*Work task*
Repeat only the stretch of lines below that runs from the line with "6.10cttw | Rustic" through the line with "AWS user is", unaltered.

━━━ Materials provided ━━━

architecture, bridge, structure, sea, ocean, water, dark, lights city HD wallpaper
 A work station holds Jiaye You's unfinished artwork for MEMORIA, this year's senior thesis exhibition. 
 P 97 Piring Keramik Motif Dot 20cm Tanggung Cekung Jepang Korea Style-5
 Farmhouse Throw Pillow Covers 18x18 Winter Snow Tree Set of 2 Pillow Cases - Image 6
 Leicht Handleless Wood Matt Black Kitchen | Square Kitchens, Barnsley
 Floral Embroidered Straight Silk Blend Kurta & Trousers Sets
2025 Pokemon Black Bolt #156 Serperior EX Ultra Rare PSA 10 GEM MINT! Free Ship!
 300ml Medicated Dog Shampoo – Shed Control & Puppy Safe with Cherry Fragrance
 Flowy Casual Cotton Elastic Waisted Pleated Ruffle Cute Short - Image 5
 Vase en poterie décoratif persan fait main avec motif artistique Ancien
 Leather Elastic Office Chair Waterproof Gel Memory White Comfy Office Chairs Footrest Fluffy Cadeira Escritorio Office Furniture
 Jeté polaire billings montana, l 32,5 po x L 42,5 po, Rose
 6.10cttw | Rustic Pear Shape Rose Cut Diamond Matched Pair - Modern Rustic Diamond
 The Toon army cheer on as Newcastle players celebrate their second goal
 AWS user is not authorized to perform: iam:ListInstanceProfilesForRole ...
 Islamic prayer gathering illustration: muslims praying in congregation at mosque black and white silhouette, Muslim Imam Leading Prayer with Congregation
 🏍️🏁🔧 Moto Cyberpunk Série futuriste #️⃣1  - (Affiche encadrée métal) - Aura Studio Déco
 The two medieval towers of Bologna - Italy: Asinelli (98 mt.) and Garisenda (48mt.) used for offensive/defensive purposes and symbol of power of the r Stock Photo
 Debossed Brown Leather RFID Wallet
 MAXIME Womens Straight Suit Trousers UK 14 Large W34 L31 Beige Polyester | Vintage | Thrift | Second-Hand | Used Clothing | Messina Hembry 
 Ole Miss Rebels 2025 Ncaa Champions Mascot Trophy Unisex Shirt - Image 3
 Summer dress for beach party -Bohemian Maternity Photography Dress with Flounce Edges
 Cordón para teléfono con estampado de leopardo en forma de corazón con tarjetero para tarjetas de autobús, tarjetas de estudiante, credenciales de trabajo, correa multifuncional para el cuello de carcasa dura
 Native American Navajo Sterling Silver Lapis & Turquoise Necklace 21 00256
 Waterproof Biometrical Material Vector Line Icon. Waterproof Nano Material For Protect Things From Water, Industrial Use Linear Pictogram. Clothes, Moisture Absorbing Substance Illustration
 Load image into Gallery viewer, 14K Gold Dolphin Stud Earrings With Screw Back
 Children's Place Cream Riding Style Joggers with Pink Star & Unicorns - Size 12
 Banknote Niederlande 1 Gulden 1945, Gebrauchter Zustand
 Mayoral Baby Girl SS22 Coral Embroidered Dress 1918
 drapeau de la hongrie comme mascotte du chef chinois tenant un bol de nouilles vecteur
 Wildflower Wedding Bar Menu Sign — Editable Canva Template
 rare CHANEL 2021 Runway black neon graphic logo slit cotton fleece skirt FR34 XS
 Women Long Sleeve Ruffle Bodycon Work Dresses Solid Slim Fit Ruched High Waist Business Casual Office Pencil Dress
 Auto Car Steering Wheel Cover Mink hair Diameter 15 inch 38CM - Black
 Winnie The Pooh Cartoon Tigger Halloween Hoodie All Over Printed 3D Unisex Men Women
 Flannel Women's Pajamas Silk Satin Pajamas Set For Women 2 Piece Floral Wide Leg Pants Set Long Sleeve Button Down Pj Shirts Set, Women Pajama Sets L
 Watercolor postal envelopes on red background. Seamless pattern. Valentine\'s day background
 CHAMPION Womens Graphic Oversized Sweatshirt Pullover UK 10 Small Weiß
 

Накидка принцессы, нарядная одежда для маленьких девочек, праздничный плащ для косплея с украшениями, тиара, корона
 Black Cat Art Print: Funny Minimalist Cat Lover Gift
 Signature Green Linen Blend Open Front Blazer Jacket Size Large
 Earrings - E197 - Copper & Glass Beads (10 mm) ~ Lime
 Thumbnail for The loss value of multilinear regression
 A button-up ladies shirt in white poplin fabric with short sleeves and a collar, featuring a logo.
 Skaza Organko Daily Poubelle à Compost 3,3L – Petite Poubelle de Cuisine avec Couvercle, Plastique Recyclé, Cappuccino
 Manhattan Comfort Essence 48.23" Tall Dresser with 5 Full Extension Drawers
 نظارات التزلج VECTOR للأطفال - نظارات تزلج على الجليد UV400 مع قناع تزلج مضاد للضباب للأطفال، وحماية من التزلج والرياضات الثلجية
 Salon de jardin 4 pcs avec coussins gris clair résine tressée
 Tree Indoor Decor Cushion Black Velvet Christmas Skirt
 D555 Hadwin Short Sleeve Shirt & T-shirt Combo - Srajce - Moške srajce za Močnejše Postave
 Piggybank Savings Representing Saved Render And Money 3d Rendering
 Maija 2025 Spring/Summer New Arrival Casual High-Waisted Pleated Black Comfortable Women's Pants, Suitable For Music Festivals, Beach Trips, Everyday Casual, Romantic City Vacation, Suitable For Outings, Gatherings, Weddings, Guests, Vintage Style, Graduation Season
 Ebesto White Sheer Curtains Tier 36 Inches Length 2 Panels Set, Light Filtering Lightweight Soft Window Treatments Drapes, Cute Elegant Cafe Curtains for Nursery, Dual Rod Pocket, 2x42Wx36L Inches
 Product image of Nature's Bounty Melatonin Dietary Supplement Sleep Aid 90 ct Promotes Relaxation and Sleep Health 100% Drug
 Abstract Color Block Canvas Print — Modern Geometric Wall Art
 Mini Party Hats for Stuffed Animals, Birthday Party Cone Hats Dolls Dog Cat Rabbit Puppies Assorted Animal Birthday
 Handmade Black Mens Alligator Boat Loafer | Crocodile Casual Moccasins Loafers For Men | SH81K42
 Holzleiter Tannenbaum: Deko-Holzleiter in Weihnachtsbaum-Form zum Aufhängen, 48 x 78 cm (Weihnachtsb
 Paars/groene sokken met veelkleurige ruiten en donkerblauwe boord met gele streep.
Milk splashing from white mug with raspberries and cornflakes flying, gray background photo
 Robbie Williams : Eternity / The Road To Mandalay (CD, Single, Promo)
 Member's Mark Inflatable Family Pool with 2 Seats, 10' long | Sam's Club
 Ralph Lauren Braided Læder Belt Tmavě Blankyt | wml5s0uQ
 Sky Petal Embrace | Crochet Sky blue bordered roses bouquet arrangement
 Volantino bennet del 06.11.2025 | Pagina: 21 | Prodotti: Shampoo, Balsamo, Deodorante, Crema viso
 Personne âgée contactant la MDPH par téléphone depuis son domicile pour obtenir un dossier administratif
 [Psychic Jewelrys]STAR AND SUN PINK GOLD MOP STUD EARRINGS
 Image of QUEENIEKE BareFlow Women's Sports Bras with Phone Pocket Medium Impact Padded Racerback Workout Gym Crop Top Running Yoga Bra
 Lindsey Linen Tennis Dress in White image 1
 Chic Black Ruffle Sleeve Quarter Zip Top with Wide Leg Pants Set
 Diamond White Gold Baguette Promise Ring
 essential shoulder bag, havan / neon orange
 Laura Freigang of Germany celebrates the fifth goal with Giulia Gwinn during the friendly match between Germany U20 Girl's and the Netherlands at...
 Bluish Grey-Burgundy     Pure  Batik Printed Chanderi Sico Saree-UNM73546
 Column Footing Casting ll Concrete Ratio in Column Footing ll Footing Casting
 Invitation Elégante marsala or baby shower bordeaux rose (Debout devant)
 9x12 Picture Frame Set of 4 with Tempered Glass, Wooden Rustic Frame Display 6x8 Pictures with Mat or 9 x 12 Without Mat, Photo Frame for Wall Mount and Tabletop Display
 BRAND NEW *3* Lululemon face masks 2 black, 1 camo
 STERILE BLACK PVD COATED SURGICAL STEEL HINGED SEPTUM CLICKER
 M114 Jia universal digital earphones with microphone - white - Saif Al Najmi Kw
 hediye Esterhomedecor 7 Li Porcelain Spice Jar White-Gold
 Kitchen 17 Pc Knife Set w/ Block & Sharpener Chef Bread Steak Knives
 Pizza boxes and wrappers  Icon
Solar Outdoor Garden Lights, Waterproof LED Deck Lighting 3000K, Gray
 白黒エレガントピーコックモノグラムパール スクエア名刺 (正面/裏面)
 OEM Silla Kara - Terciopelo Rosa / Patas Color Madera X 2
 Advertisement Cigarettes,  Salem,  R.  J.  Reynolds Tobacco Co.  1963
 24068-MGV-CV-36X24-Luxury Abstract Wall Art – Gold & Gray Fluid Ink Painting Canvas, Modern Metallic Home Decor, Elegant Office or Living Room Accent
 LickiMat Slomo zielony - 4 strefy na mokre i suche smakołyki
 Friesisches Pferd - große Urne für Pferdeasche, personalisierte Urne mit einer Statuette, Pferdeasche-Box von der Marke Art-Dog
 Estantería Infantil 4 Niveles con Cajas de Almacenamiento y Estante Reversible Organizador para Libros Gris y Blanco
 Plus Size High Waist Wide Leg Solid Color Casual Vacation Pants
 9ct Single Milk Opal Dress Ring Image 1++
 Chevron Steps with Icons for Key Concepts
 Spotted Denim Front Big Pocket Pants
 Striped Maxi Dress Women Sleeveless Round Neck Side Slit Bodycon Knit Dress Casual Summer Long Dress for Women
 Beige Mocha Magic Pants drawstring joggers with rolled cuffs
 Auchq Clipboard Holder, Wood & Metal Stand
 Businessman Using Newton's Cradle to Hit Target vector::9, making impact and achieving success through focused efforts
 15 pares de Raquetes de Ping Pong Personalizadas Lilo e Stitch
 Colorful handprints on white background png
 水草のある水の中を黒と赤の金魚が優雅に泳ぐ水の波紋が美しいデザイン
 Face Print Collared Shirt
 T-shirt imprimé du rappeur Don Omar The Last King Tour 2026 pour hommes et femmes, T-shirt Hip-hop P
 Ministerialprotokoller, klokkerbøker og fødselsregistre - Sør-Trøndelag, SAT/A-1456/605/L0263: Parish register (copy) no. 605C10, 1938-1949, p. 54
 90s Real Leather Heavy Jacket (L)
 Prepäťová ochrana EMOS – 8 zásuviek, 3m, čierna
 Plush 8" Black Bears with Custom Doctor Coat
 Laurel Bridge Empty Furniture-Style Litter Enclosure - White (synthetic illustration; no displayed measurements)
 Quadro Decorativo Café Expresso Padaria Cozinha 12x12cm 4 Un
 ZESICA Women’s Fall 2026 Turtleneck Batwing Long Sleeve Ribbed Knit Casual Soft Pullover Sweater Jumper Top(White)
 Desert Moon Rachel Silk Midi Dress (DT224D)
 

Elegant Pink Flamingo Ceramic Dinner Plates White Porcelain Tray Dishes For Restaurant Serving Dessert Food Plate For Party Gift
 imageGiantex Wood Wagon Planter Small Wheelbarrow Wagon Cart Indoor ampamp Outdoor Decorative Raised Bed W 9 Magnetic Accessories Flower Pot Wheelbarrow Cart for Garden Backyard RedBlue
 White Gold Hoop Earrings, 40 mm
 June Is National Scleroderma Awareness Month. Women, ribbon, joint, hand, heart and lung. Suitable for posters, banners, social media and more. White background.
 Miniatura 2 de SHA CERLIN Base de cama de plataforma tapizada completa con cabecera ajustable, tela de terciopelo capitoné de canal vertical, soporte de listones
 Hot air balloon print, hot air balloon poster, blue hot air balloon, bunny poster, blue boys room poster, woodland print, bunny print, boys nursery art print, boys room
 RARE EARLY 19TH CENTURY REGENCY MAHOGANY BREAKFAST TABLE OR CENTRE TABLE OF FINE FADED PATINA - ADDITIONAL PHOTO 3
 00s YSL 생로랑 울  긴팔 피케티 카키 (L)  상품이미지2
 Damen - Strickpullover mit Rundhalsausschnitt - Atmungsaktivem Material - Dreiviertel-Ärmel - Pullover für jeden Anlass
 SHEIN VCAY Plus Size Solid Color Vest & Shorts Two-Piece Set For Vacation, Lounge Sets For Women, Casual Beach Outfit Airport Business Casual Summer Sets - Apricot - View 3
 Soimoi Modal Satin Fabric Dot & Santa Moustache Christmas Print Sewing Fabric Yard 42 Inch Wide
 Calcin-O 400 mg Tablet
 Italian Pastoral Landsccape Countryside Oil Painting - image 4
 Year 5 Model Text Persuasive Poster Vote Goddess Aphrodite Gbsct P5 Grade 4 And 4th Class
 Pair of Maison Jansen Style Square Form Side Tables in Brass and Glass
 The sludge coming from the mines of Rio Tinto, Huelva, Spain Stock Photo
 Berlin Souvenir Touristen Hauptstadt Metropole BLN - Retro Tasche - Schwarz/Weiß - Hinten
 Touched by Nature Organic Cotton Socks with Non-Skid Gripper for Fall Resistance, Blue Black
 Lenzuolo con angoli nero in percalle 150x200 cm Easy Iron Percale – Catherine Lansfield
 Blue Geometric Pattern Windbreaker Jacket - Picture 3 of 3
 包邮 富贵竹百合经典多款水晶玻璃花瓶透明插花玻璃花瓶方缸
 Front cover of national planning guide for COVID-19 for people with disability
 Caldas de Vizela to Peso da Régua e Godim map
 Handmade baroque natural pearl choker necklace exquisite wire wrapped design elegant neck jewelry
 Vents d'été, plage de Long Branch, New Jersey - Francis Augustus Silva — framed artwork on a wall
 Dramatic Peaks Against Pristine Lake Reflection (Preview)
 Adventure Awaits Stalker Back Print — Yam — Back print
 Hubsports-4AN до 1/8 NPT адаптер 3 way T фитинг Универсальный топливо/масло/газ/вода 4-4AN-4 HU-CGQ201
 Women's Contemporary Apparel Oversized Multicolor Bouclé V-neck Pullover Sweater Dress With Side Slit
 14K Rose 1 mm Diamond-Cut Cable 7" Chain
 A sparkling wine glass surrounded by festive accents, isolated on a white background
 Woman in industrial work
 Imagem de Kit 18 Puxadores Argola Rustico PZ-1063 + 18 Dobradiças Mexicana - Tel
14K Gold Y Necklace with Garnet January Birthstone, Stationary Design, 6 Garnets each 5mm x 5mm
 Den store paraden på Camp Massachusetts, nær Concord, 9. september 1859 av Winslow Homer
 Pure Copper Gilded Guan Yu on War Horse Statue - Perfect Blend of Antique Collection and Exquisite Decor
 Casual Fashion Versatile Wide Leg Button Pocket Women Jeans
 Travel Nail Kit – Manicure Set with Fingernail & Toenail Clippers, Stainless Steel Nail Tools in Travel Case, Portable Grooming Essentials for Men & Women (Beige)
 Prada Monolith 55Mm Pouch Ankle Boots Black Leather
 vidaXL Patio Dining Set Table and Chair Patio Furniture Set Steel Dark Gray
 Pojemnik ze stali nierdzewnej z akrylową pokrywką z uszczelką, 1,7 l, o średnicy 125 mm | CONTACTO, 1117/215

━━━

*Answer to the exercise*
 6.10cttw | Rustic Pear Shape Rose Cut Diamond Matched Pair - Modern Rustic Diamond
 The Toon army cheer on as Newcastle players celebrate their second goal
 AWS user is not authorized to perform: iam:ListInstanceProfilesForRole ...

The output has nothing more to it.